─── Input ───

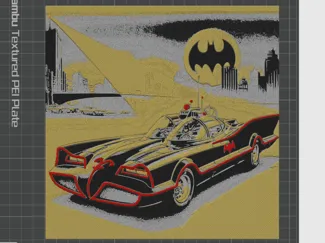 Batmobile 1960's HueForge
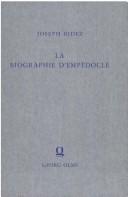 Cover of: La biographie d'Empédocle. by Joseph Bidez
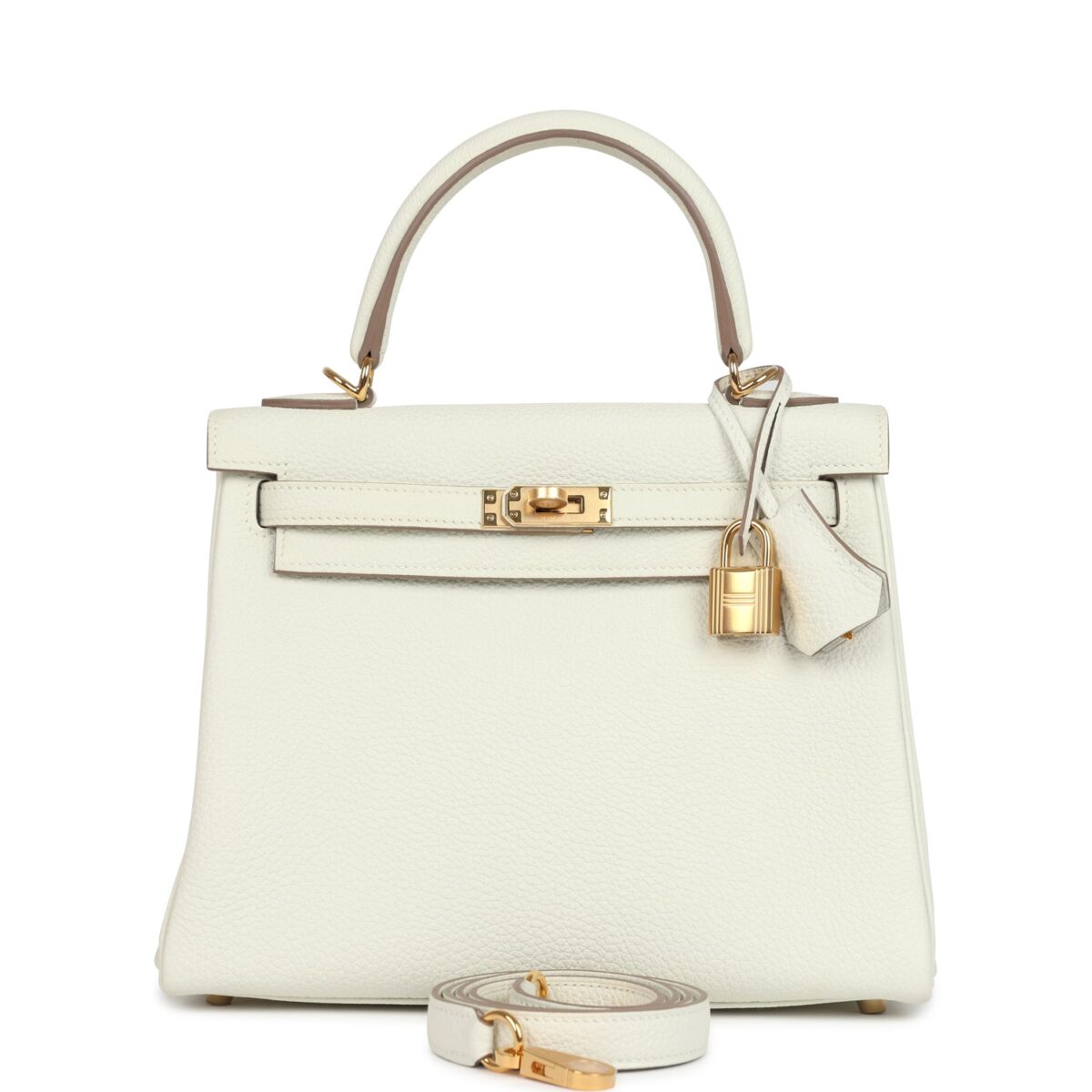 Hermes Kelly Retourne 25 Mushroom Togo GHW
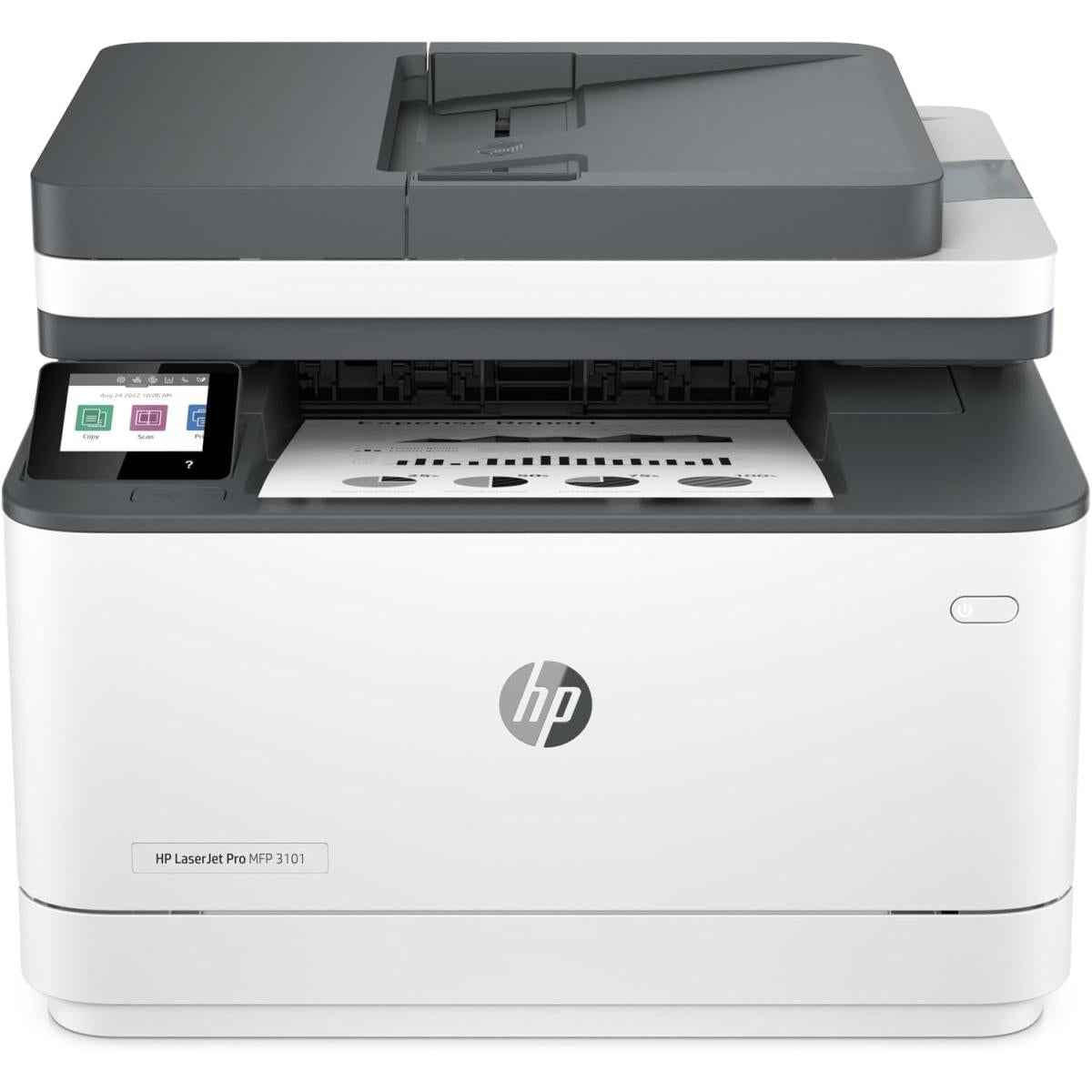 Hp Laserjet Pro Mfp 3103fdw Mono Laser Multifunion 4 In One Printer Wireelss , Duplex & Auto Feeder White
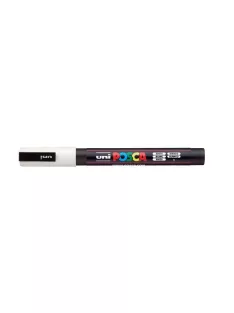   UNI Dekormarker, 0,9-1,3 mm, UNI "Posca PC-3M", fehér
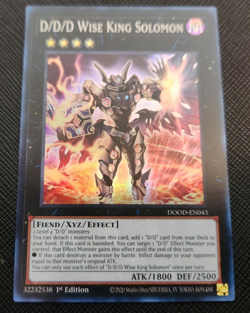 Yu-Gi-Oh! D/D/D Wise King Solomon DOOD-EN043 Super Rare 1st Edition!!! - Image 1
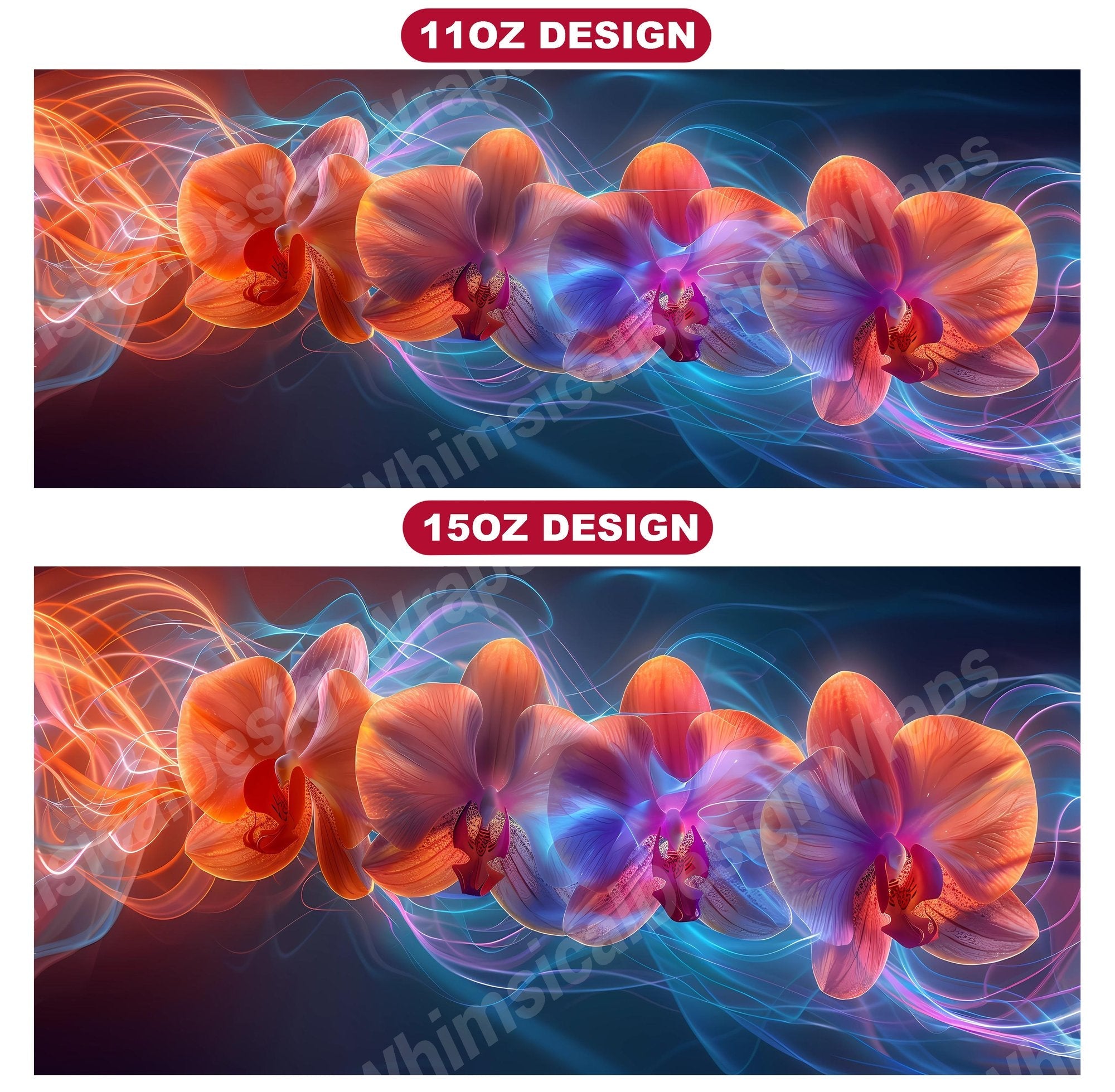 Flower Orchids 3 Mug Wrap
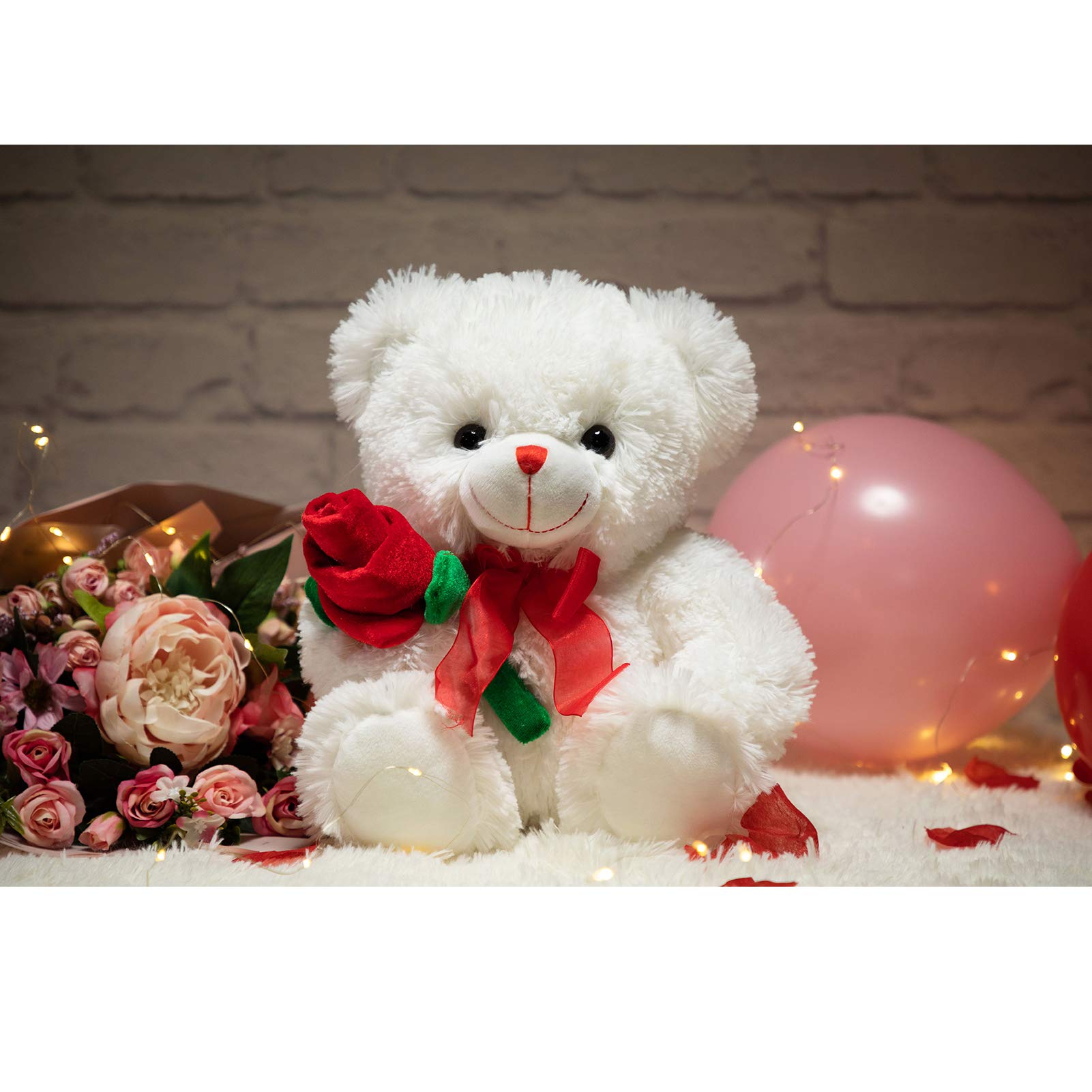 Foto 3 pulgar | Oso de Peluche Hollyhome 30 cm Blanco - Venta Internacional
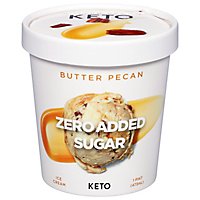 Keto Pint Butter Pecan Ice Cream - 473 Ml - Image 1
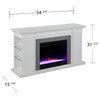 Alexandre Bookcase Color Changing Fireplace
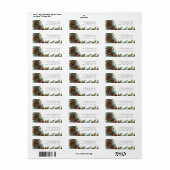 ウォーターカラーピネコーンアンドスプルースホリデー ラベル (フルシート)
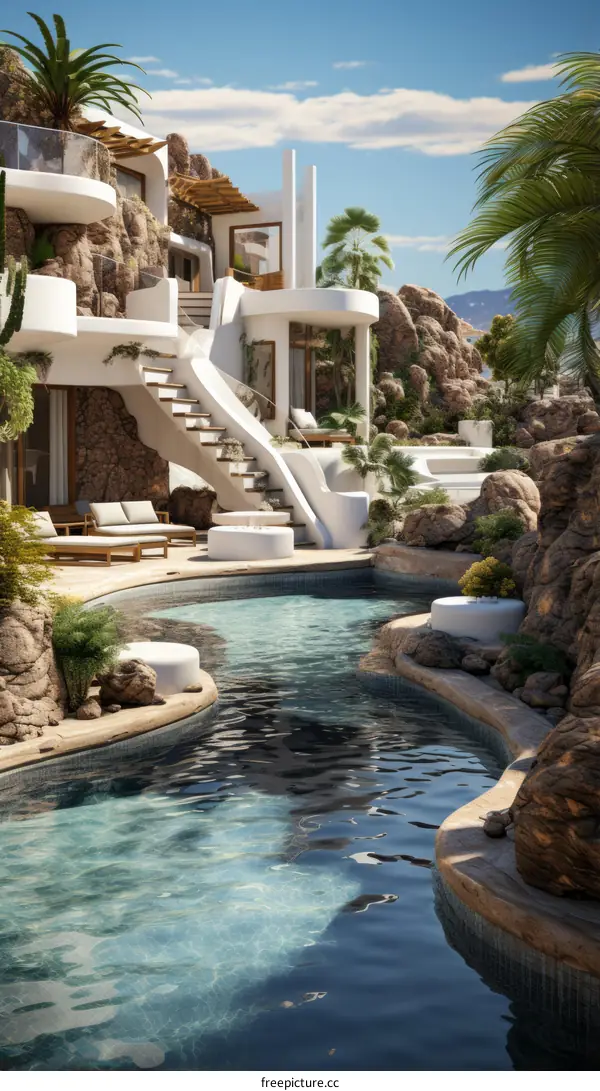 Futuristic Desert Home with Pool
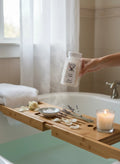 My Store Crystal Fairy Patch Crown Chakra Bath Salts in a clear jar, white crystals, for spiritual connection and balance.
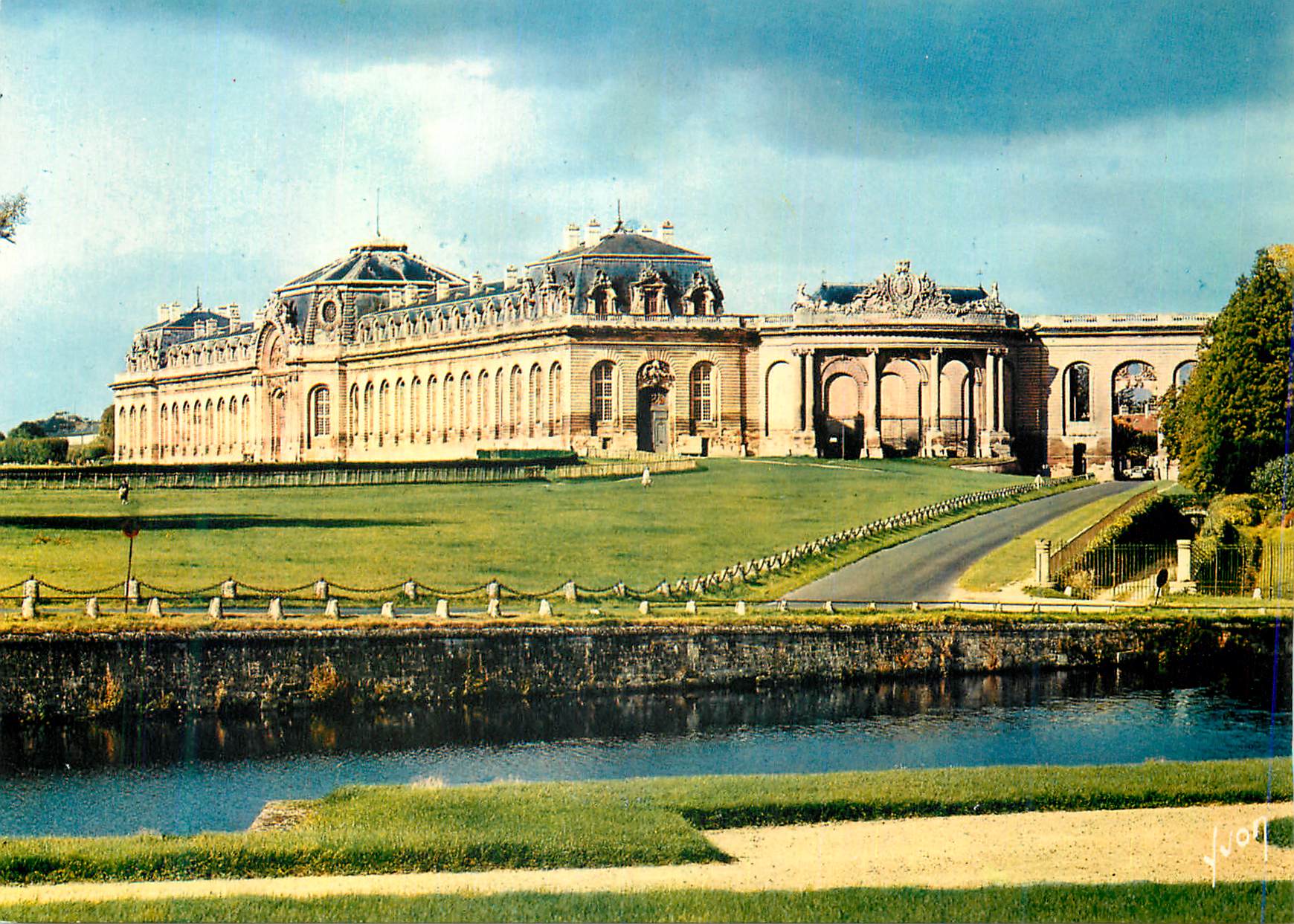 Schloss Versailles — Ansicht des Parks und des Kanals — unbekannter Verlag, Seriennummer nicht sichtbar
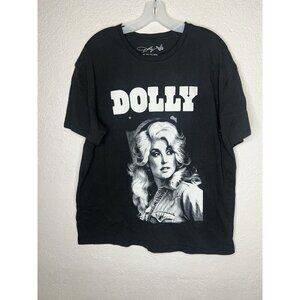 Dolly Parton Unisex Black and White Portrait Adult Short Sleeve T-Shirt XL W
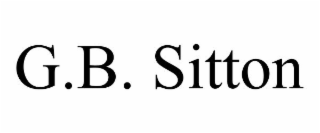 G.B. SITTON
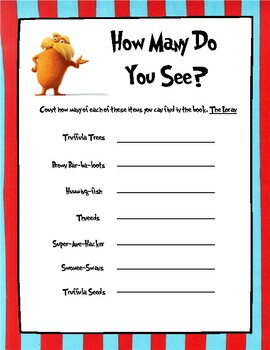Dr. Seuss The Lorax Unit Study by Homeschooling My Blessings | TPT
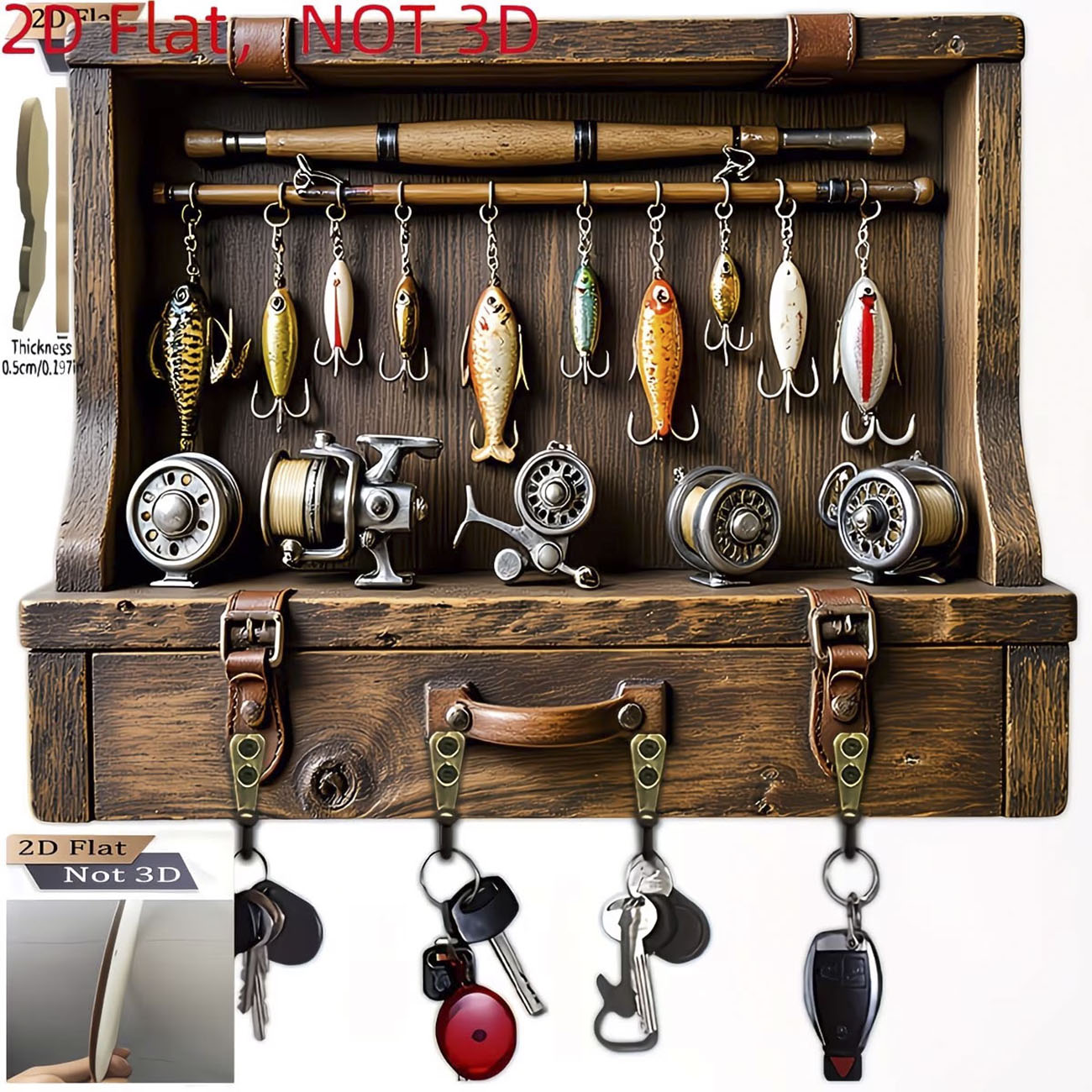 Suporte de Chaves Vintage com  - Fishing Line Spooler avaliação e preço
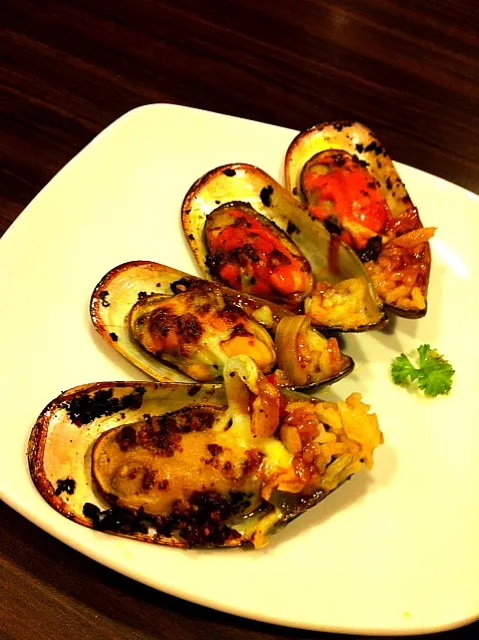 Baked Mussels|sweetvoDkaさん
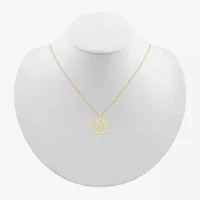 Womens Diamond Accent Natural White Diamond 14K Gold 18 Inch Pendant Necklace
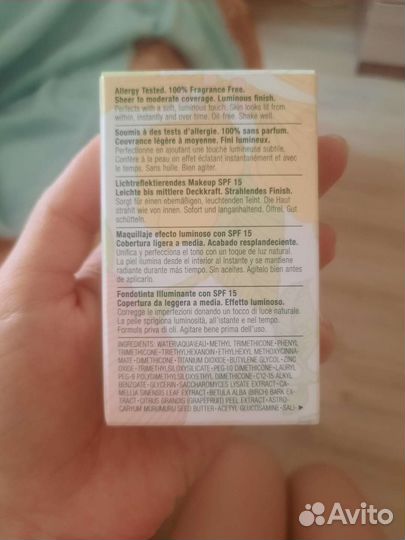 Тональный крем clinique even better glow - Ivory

───

▶ _Description of the task_: Could you transcribe all of the data exactly and omit the pictures?

▶ _Answer_:
 Batmobile 1960's HueForge
 Cover of: La biographie d'Empédocle. by Joseph Bidez
 Hermes Kelly Retourne 25 Mushroom Togo GHW
 Hp Laserjet Pro Mfp 3103fdw Mono Laser Multifunion 4 In One Printer Wireelss , Duplex & Auto Feeder White
   UNI Dekormarker, 0,9-1,3 mm, UNI "Posca PC-3M", fehér
 Yu-Gi-Oh! D/D/D Wise King Solomon DOOD-EN043 Super Rare 1st Edition!!! - Image 1
 Flower Orchids 3 Mug Wrap
 Foto 3 pulgar | Oso de Peluche Hollyhome 30 cm Blanco - Venta Internacional
 Keto Pint Butter Pecan Ice Cream - 473 Ml - Image 1
 Alexandre Bookcase Color Changing Fireplace
 ウォーターカラーピネコーンアンドスプルースホリデー ラベル (フルシート)
 Futuristic Desert Home with Pool
 My Store Crystal Fairy Patch Crown Chakra Bath Salts in a clear jar, white crystals, for spiritual connection and balance.
 Schloss Versailles — Ansicht des Parks und des Kanals — unbekannter Verlag, Seriennummer nicht sichtbar
 Dolly Parton Unisex Black and White Portrait Adult Short Sleeve T-Shirt XL W
 G.B. SITTON
Dr. Seuss The Lorax Unit Study by Homeschooling My Blessings | TPT
 Suporte de Chaves Vintage com  - Fishing Line Spooler avaliação e preço
 Baked Mussels|sweetvoDkaさん
 Womens Diamond Accent Natural White Diamond 14K Gold 18 Inch Pendant Necklace
 Тональный крем clinique even better glow - Ivory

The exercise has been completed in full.